Jetzt geht’s los mit Villachs Zukunftsprojekten

LH Haider und Bürgermeister Manzenreiter unterzeichnen Vereinbarung über wichtige Projekte in Villach

Klagenfurt (LPD) - Das Land Kärnten und die Stadt Villach haben heute, Dienstag, mittels einer Vereinbarung wichtige Zukunftsvorhaben finanziell gesichert. Die Unterzeichnung des Schriftstückes im Villacher Stadtsenatsaal nahmen Landeshauptmann Jörg Haider und Villachs Stadtoberhaupt Helmut Manzenreiter im Beisein des gesamten Villacher Stadtsenates vor. Konkret geht es um die Erlebnistherme neu, die Neugestaltung des Bahnhofplatzes mit Tiefgarage, die dritte Ausbaustufe des Villacher Technologieparks und die Errichtung eines Kunst- und Technologiehauses.

Haider und Manzenreiter sprachen von einem Riesenpaket,das für die Gesamtentwicklung der Stadt und des Landes wichtig sei."Mit der Umsetzung machen Villach und der Zentralraum Kärnten einen Riesenschritt in die Zukunft", betonte Haider.

Die Erlebnistherme Warmbad Neu wird durch das Abkommen nun größer und attraktiver. "Sie ist für die Weiterentwicklung des Tourismus von größter Bedeutung", hob Haider hervor.
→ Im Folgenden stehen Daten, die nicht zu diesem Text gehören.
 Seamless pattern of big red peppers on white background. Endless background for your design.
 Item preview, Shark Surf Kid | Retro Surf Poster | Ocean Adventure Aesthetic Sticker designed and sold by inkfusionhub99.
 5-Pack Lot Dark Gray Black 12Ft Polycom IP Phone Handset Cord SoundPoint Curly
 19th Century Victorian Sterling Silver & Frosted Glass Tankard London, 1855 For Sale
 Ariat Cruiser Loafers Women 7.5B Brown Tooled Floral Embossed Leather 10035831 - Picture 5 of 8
Die Anlage wird durch zusätzliche Investitionen für Familien und Kinder noch attraktiver. Die Investitionssumme wurde von 25 Millionen auf 27,5 Millionen Euro aufgestockt.

Mit der Neugestaltung des Bahnhofsviertel und der Errichtung einer Tiefgarage setze man einen wichtigen Schritt in der Altstadtoffensive, hoben Haider und Manzenreiter hervor. Das Bahnhofsviertel neu ist auch für die Verkehrslösung wichtig und wertet den öffentlichen Personennahverkehr auf. Die bereits in Bau befindliche Tiefgarage "Draupassage" wird vom Land mit 800.000 Euro unterstützt, gab Haider bekannt. Insgesamt werden 6,8 Millionen Euro verbaut.
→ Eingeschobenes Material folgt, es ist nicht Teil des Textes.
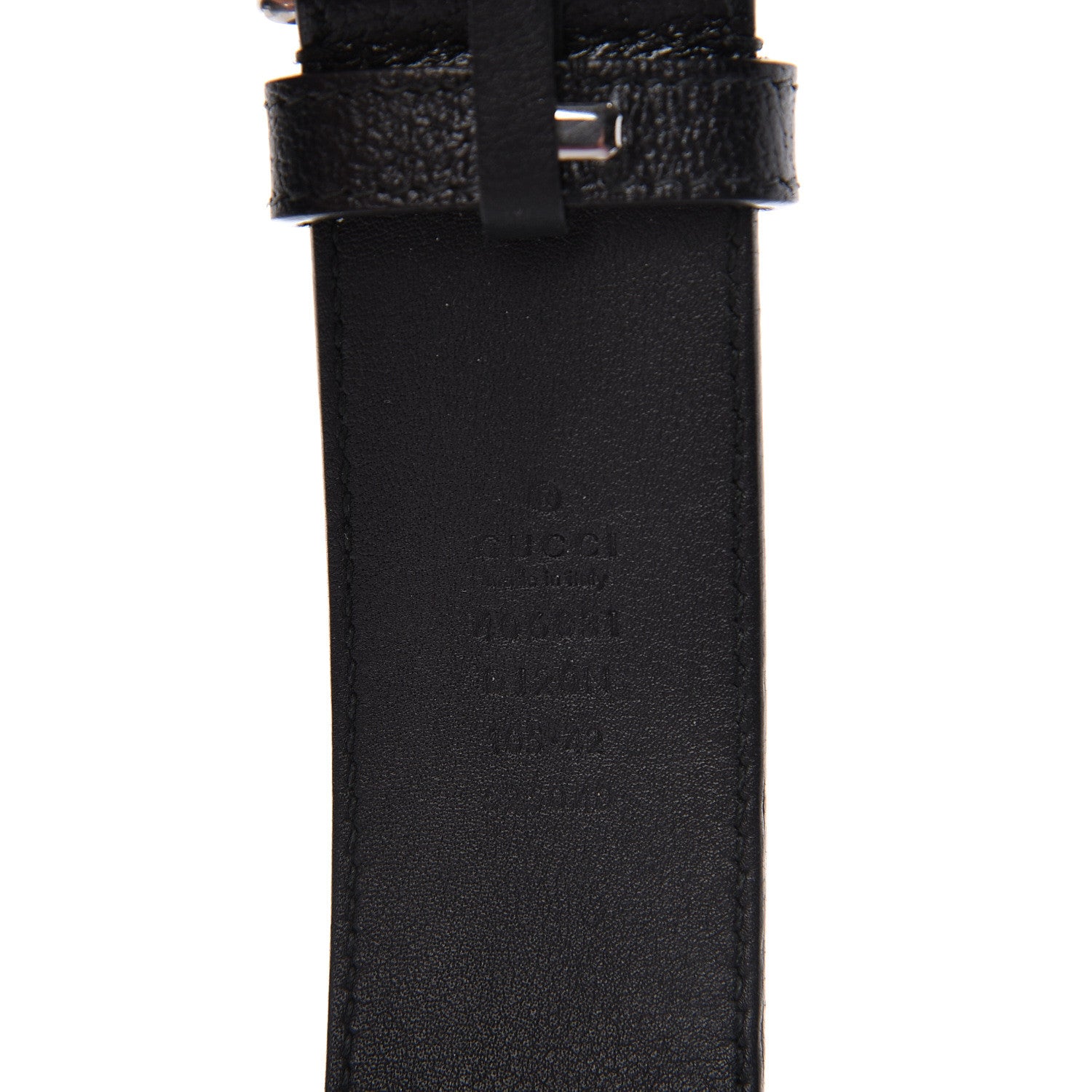 Gucci Textured Dollar Calfskin Nickel Double G 40mm Belt 105 42 Black 4 of 9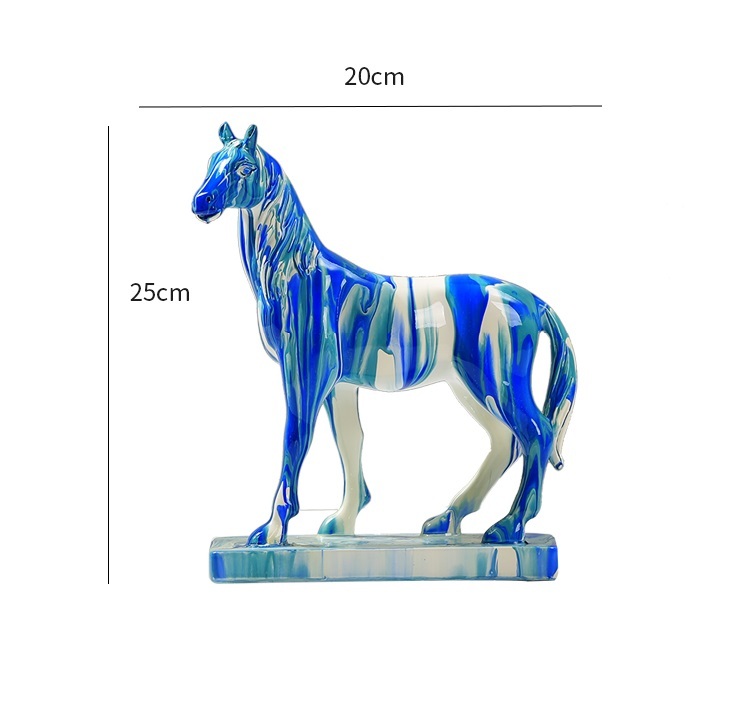 Horse Statue Figurines - Resin Standing Fighting Horse Sculpture Home Office Decoration Tabletop Decor Ornaments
Die dritte Baustufe für den Technologiepark Villach (tpv) wird laut dem Landeshauptmann in einer Zwei-Stufen-Lösung realisiert. Von den Gesamtinvestitionen in der Höhe von 26 Millionen Euro, sind für den Ausbau im ersten Modul 19 Millionen Euro vorgesehen, sagte Haider. Für den Landeshauptmann ist auch in den nächsten Jahren der Kärntner Zentralraum der Motor für die Wirtschaftsentwicklung. "Die Auslastung des Technologieparks übertrifft schon jetzt unsere Erwartungen. Es wurden bereits 1.000 Arbeitsplätze geschaffen, was für Villach einen großen Sprung in die Zukunft bedeutet", betonte Haider. Daher sind das Land und die Stadt Villach auch übereingekommen, dass eine Stiftungsprofessur der Fakultät der Technischen Wissenschaften der Alpen-Adria-Universität Klagenfurt am Fachhochschulstandort Villach eingerichtet wird. Ebenfalls wird ein Standortmanager installiert, gab der Technologiereferent bekannt.

Realisiert wird laut Haider und Manzenreiter auch das Kunst- und Technologiehaus. "Es ist für die visionäre städtische Entwicklung der Draustadt wichtig", sagte der Landeshauptmann. Das Kunst- und Technologiehaus soll auf dem so genannten Kanonenplatzl an der Fußgängerbrücke zwischen Drau und Gerbergasse entstehen. Für die Errichtung und den Betrieb erfolgt eine 50:50 Kostenteilung zwischen Stadt und Land. "Mit diesem Projekt wird Villach die Möglichkeit haben für das Land Kärnten auch Großausstellungen zu beherbergen", so Haider.